Each entry is to be reproduced verbatim, and images are to be omitted.

[Opening Records provided section]

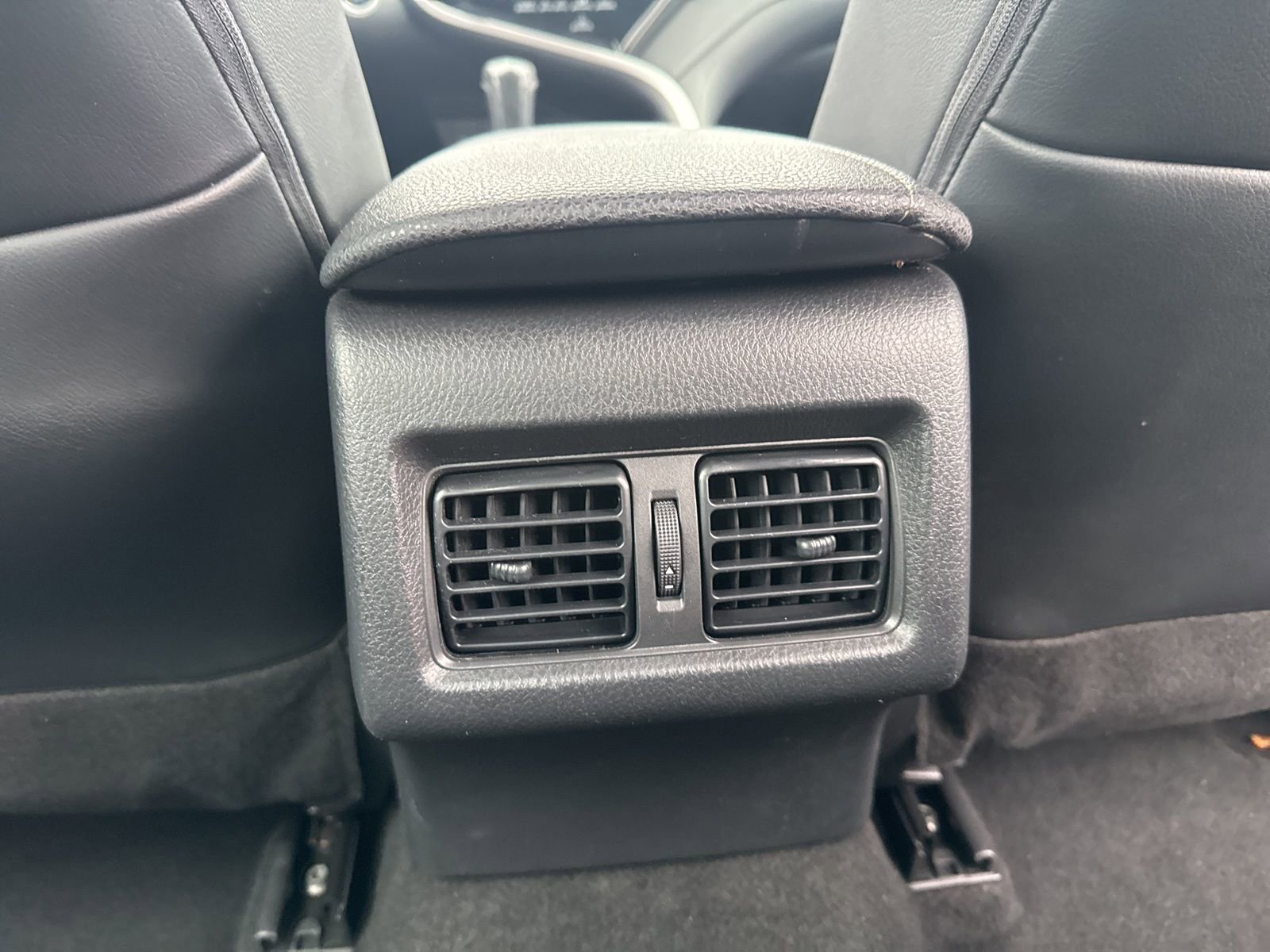 Thumbnail: 2024 Toyota Camry - 31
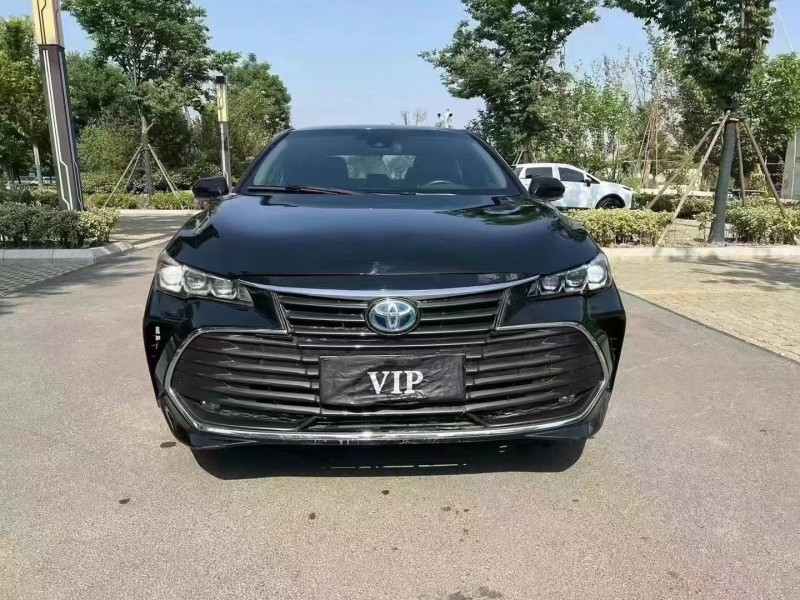 济宁21年丰田亚洲龙1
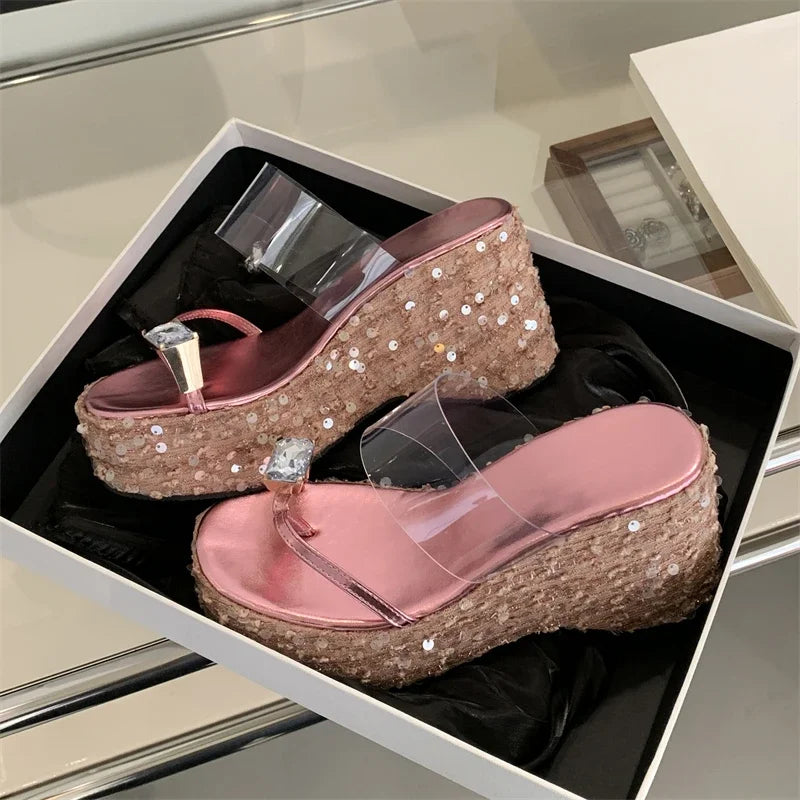 Designer Crystal Sequin Cloth Platform Wedge Slippers Street Style Clip Toe High Heels Banquet Summer Shoes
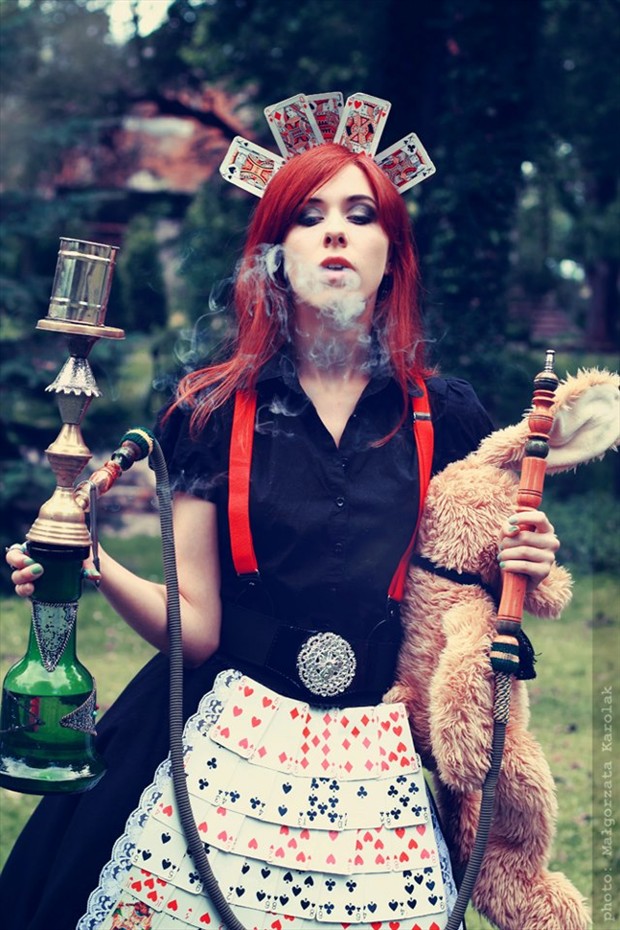 Alice in smog Cosplay Photo by Model Ambioszka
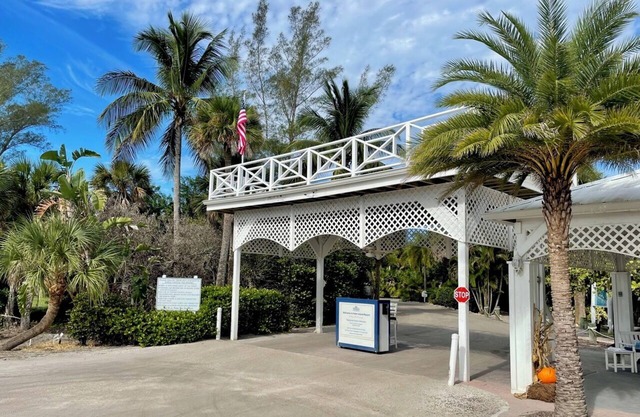 AVAILABLE FOR YOUR WINTER VACATION! Close to Pool and Gulf C2422B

[Closing Records provided section]

**Expected output:**
 Thumbnail: 2024 Toyota Camry - 31
 济宁21年丰田亚洲龙1
 Designer Crystal Sequin Cloth Platform Wedge Slippers Street Style Clip Toe High Heels Banquet Summer Shoes
 Alice in smog Cosplay Photo by Model Ambioszka
 AVAILABLE FOR YOUR WINTER VACATION! Close to Pool and Gulf C2422B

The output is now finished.